### WORK REQUIRED:
Your copy should begin with the line containing "REGLA FENÓLICA CON PERCHAS DE ALUMINIO - ml", end with the line containing "från hollister 💓", match the listing below exactly, and contain no pictures.

### DATA IN THIS EXERCISE:
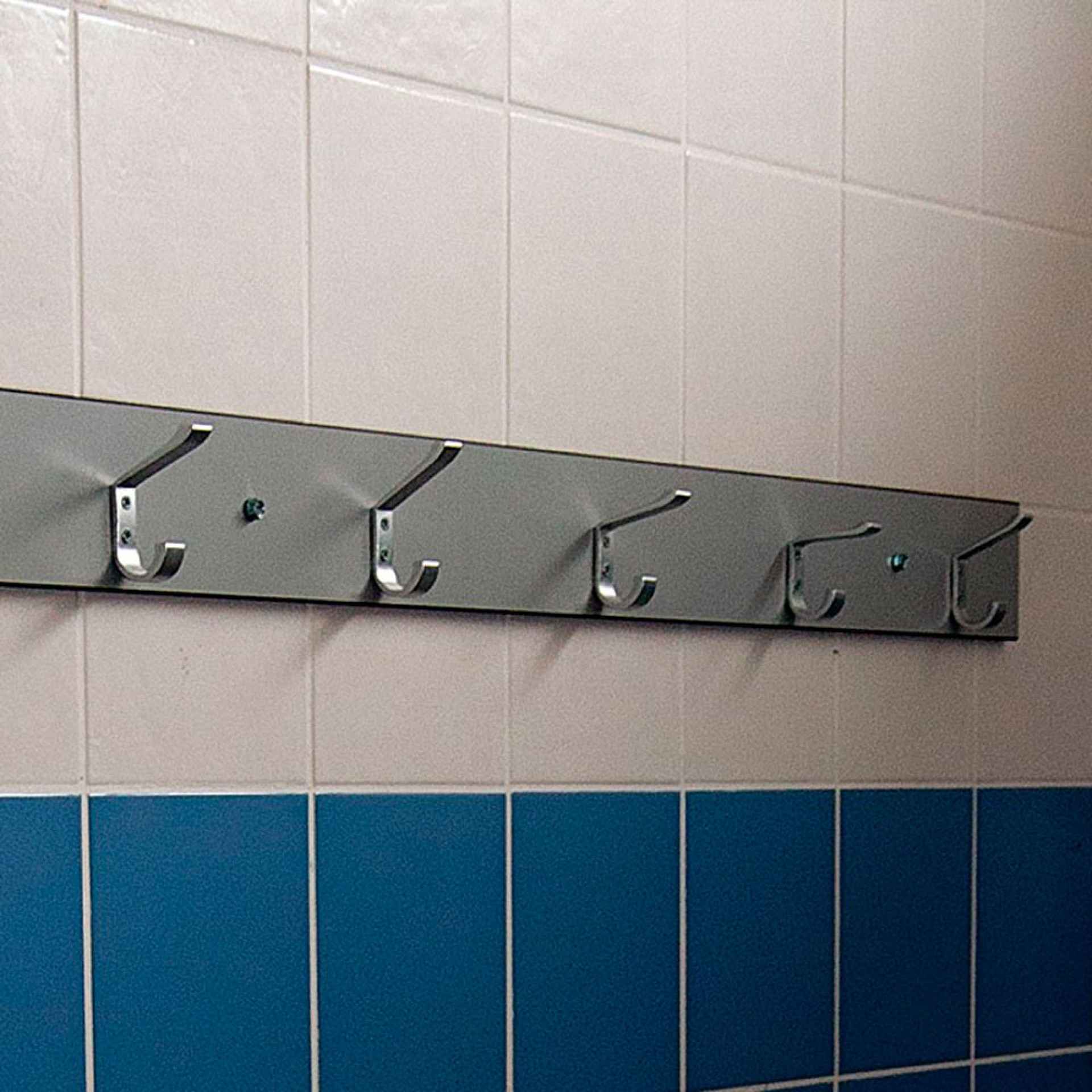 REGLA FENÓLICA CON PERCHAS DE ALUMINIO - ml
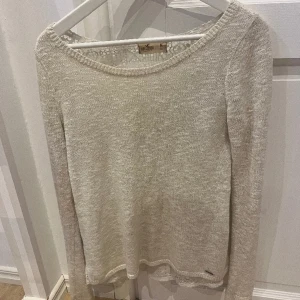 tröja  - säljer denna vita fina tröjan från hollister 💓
==
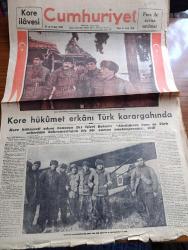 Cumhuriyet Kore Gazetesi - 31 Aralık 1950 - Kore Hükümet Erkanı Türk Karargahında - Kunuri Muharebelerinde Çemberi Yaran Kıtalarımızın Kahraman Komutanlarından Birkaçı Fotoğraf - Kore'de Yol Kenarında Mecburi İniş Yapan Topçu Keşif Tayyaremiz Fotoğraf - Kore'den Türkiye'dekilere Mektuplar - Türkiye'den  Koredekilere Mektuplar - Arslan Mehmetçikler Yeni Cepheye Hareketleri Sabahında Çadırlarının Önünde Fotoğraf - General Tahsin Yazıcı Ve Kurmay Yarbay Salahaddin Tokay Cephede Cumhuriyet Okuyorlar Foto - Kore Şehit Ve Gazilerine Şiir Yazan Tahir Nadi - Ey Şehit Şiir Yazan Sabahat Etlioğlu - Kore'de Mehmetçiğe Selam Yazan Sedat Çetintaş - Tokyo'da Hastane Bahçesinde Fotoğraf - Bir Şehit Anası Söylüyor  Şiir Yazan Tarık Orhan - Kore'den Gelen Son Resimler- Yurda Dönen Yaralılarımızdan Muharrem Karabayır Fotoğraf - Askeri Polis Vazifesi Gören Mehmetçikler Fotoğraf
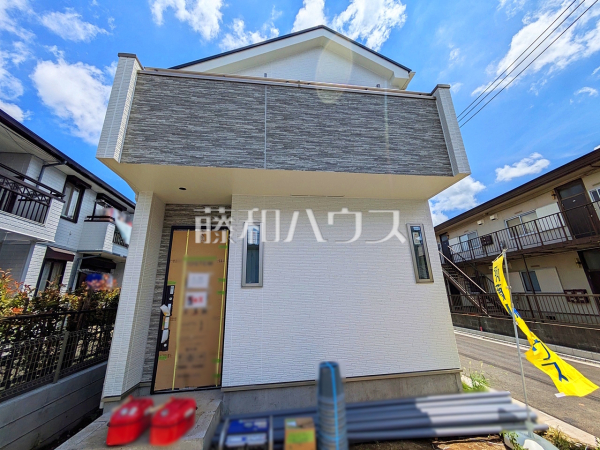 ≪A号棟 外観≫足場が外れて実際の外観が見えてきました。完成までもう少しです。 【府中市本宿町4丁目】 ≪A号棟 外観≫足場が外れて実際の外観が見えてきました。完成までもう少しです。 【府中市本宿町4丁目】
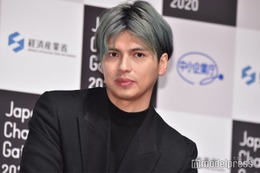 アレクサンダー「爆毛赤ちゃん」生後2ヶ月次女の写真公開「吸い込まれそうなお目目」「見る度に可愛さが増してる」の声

### COMPLETED EXERCISE:
 REGLA FENÓLICA CON PERCHAS DE ALUMINIO - ml
 tröja  - säljer denna vita fina tröjan från hollister 💓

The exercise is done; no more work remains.